Saint Patrick School was a private Roman Catholic elementary and middle school in Pelham, New Hampshire.

==History==
The school was founded in 1960 by Saint Patrick Parish as Saint Patrick Convent School. The school was staffed by Sisters of Mercy from nearby Windham for many years; however, more lay teachers were gradually employed, and in the early 1990s the school's name was officially changed to Saint Patrick School. At the time of its closing, the school was staffed entirely by state-certified lay personnel. In August 2015 the school was closed due to lack of enrollment for the upcoming school year.

Saint Patrick School was accredited by the New England Association of Schools and Colleges.

==Sports and traditions==
Students in grades 5 through 8 participated in the school's teams in soccer, softball, and track and field, all of which competed in the small school division of the Tri-County League. Basketball, bowling, skiing and snowboarding were offered as part of the school's Winter Enrichment Program.

A campus ministry and student leadership program was offered through T.I.C. T.A.C. (Together In Christ Taking A Challenge), which was overseen by the school principal and the parish pastor.

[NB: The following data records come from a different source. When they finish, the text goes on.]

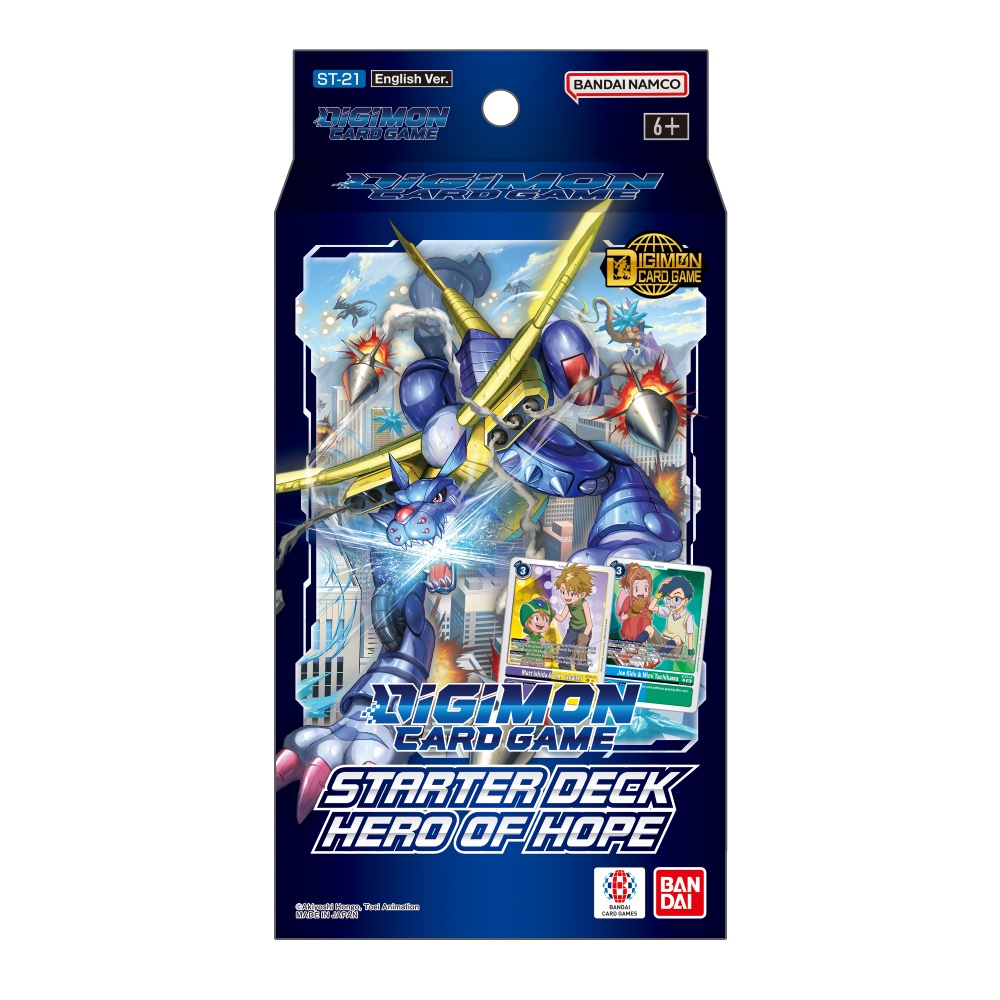 DIGIMON CARD GAME - STARTER DECK - ST21 HERO OF HOPE - EN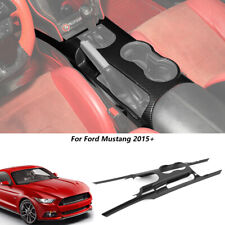 Gear Shift Panel Trim Full Cover Bezels For Ford Mustang 2015-2019 Carbon Fiber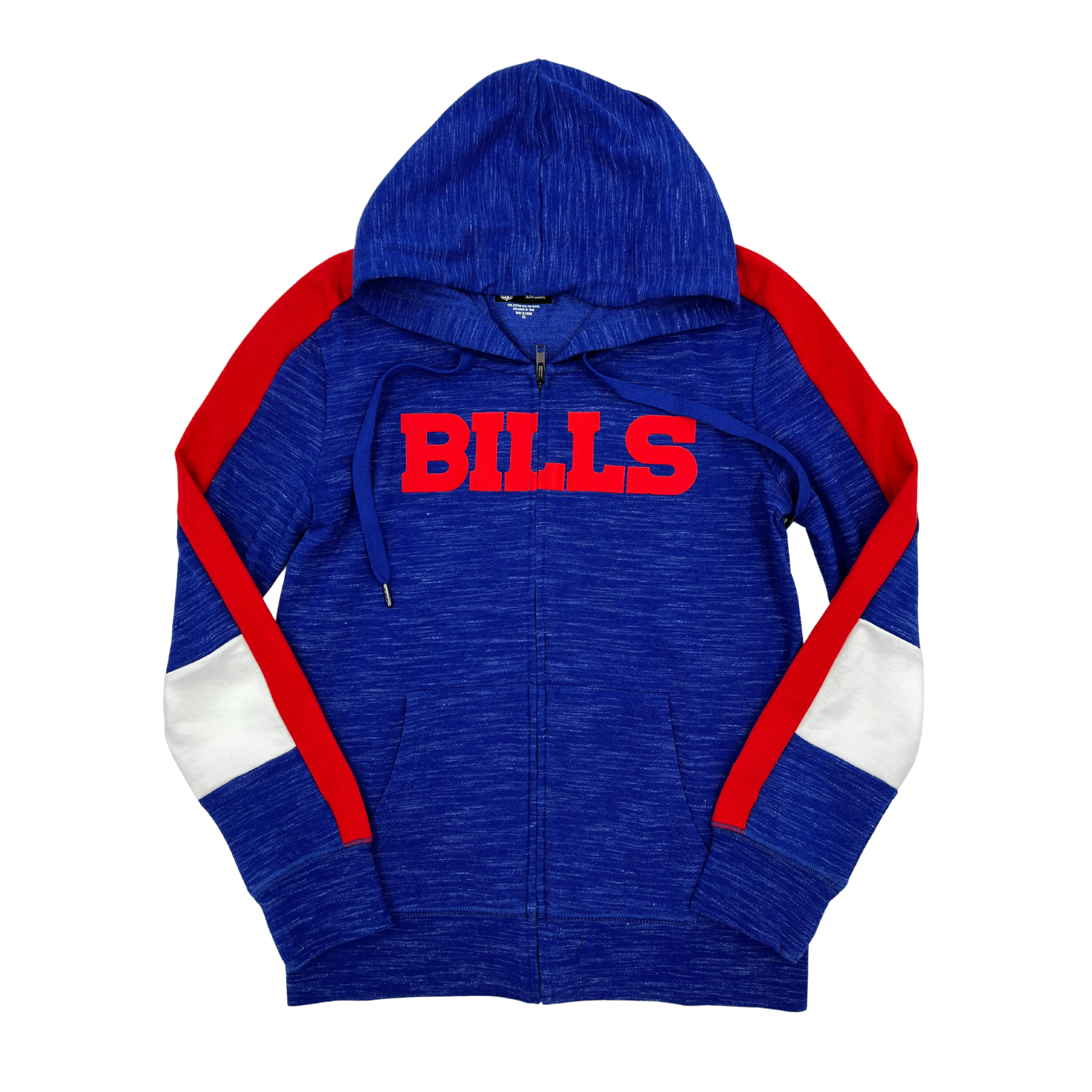 Women's New Era Bills Colorblock Full Zip Fleece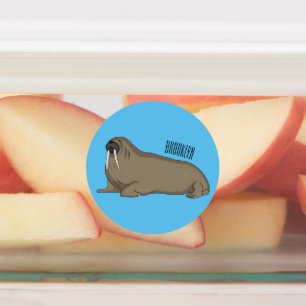 Walrus cartoon illustration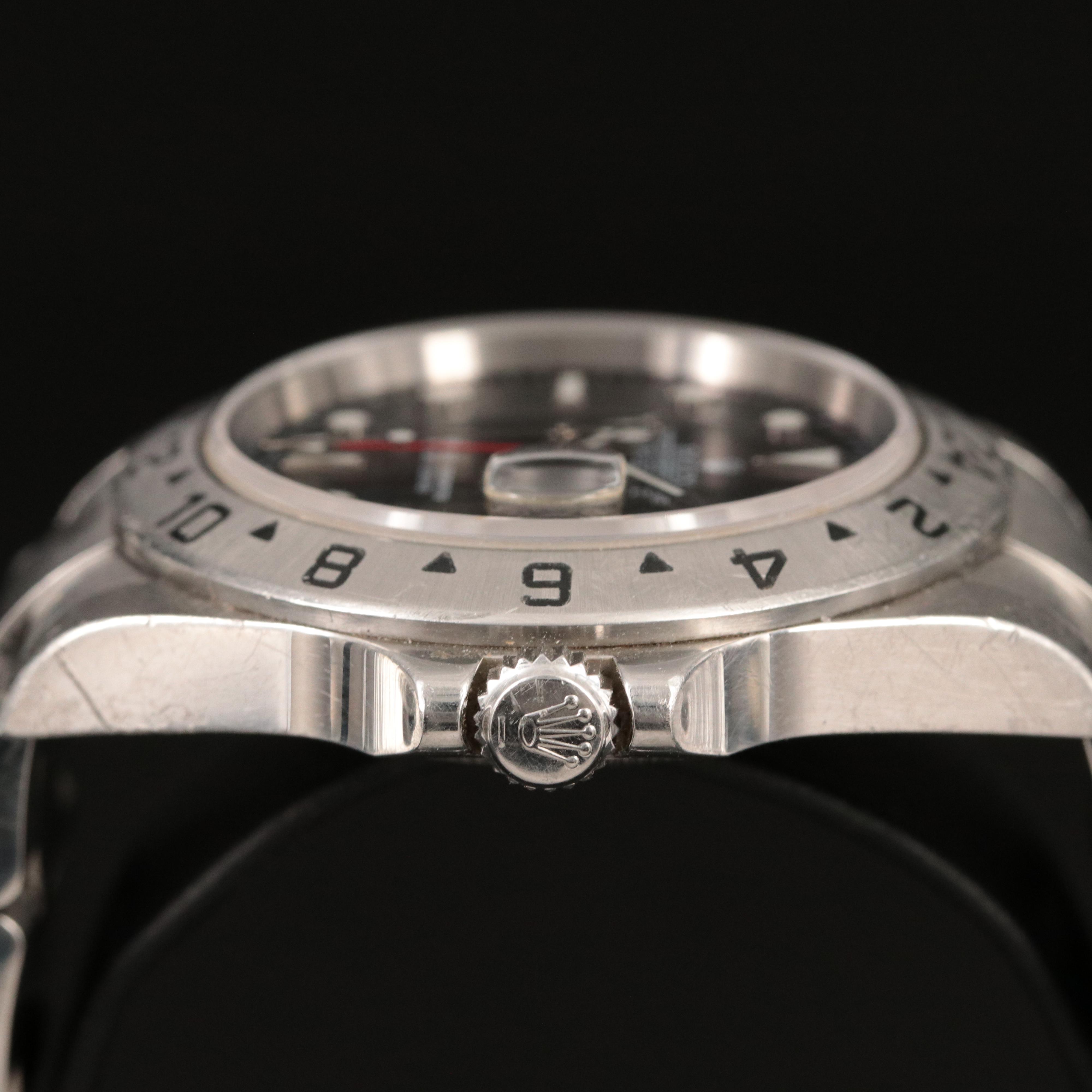 2004 Rolex Explorer II Black Dial Stainless Steel Watch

Annual traditions at Saint Patrick School included an annual Harvest Feast, where third-grade Native Americans canoed down Beaver Brook and were greeted by second-grade Pilgrims; the sixth grade class trip to Nature's Classroom; and the eighth grade class trip to Washington, D.C.

==Curriculum==
Saint Patrick Catholic School curriculum was in the areas of English, Mathematics, Social Studies, Science, Religion, French (Grades 5 - 8), Library, Computer Technology, Physical Education, Art, and Music. Saint Patrick School teachers were state certified, and the curriculum they taught reflected the requirements outlined by the Diocese of Manchester.

==Parent-Teacher Organization (PTO)==
The Saint Patrick School PTO Board sponsored events that provided financial support to teachers and school programs, and helped to purchase classroom items that would otherwise not be funded.